> [PROBLEM TO SOLVE]: The answer must be the full listing, word for word, with no pictures in it.

> [DATA SECTION]:
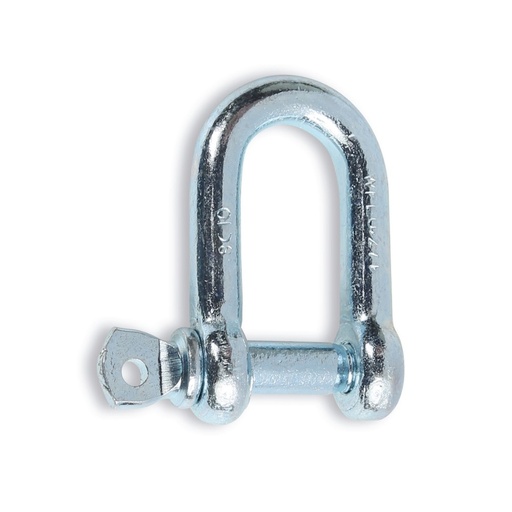 [20871] GRILLI DIRITTI ZINCATI D.22 MM GR.7/8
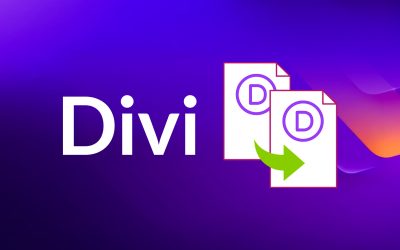 How to Duplicate a Blog Article Using Divi and Duplicator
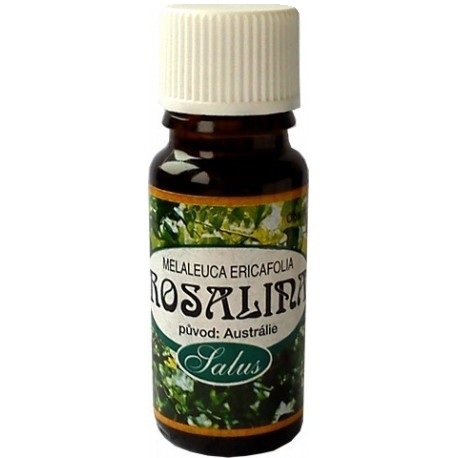 Levně Saloos Éterický olej ROSALINA 20 ml 20 ml
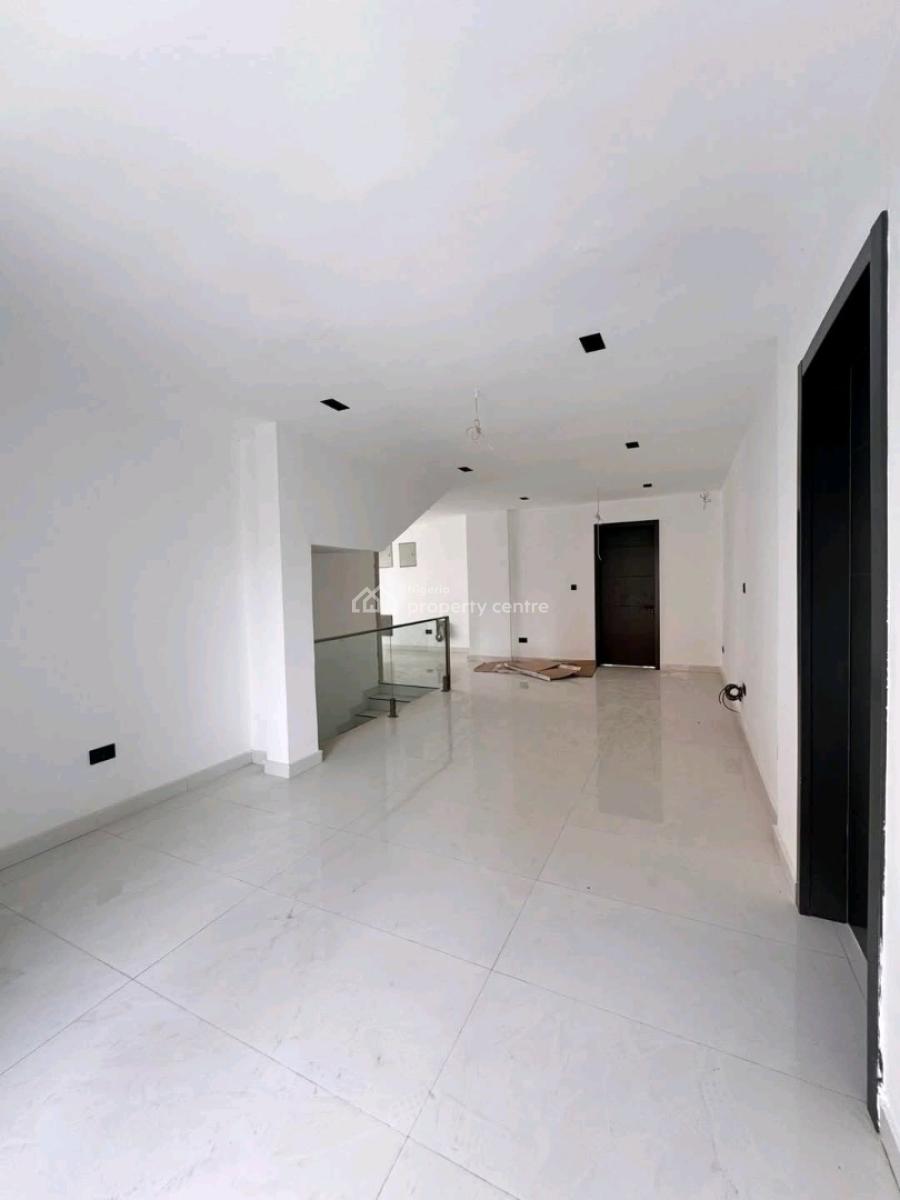 Contemporary 4 Bedroom Detached Duplex with Elevator, Pool, Gym, Cinem, Banana Island, Ikoyi, Lagos, House for Sale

> [ANSWER]:
 [20871] GRILLI DIRITTI ZINCATI D.22 MM GR.7/8
 How to Duplicate a Blog Article Using Divi and Duplicator
 Levně Saloos Éterický olej ROSALINA 20 ml 20 ml
 Contemporary 4 Bedroom Detached Duplex with Elevator, Pool, Gym, Cinem, Banana Island, Ikoyi, Lagos, House for Sale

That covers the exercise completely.